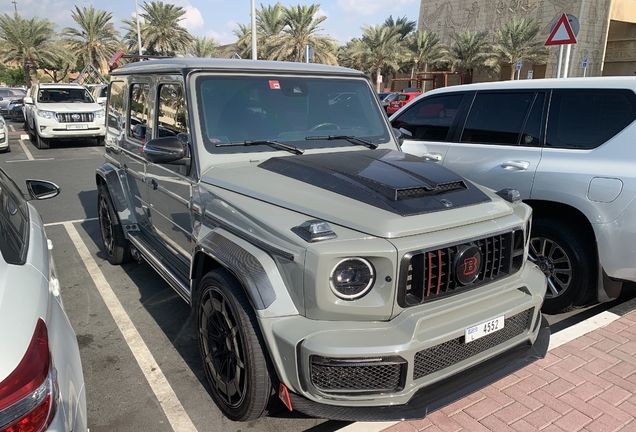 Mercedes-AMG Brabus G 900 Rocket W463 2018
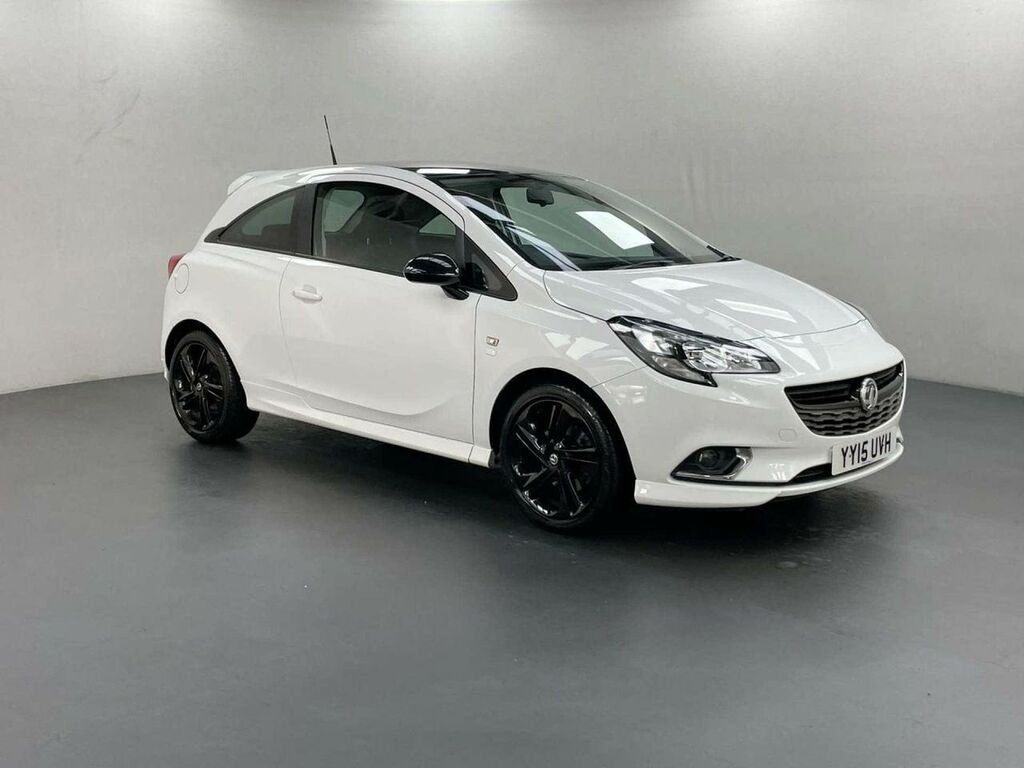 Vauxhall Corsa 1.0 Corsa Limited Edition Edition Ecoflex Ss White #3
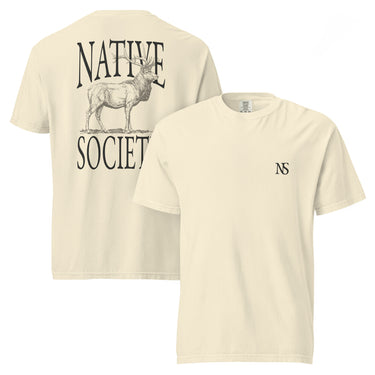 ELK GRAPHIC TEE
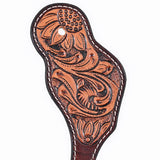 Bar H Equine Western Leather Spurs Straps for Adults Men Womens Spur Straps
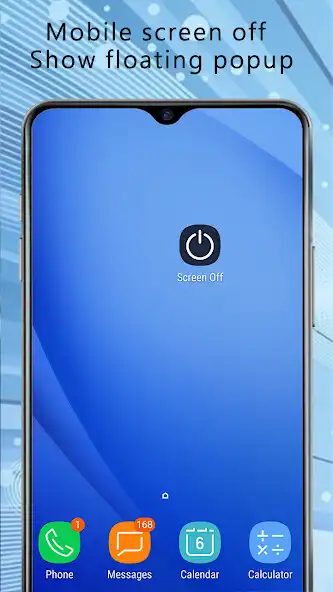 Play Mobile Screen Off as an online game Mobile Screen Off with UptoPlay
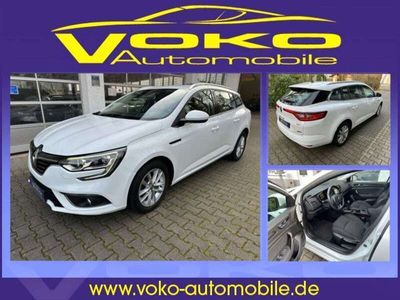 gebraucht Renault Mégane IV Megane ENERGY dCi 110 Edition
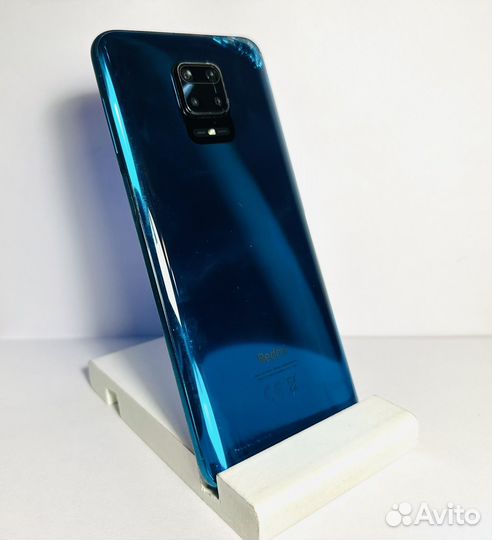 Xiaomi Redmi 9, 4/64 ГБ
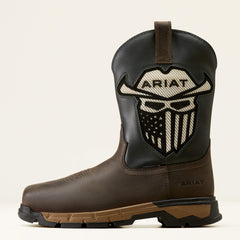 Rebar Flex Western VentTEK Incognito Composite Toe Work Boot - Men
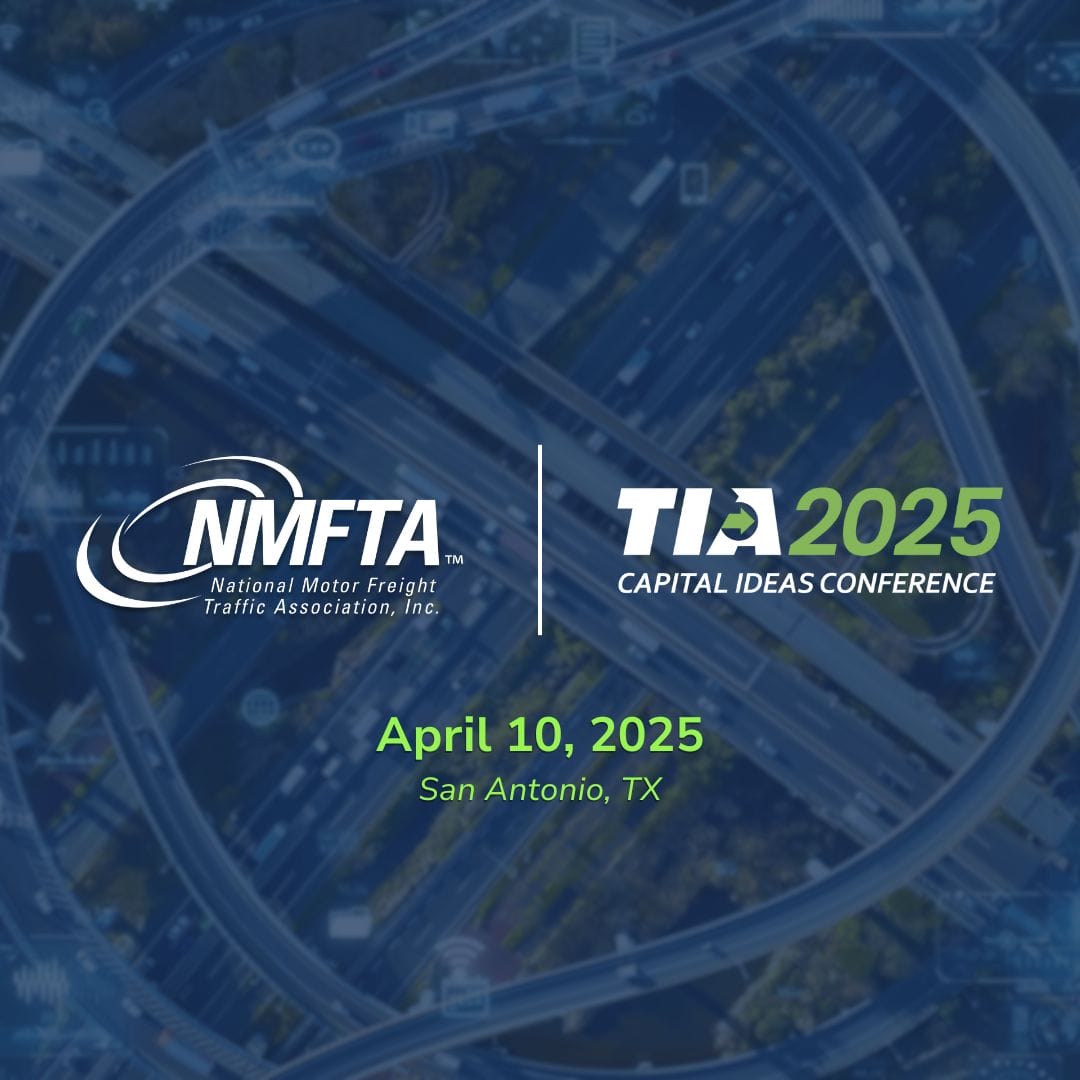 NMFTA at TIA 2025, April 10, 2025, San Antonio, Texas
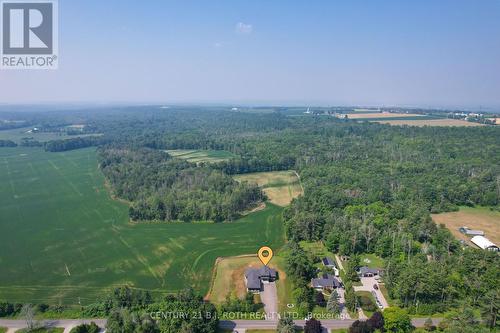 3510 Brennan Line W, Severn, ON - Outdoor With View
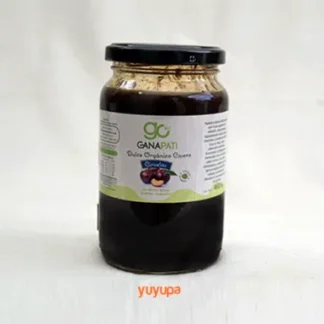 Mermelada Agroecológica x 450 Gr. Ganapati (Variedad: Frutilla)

[Try it] Take the line that contains "Rebar Flex Western" and every line after it down to the last line of the entries above, and output them exactly, with nothing else and no pictures.

[Written solution]
 Rebar Flex Western VentTEK Incognito Composite Toe Work Boot - Men
 NMFTA at TIA 2025, April 10, 2025, San Antonio, Texas
 3510 Brennan Line W, Severn, ON - Outdoor With View
 Mermelada Agroecológica x 450 Gr. Ganapati (Variedad: Frutilla)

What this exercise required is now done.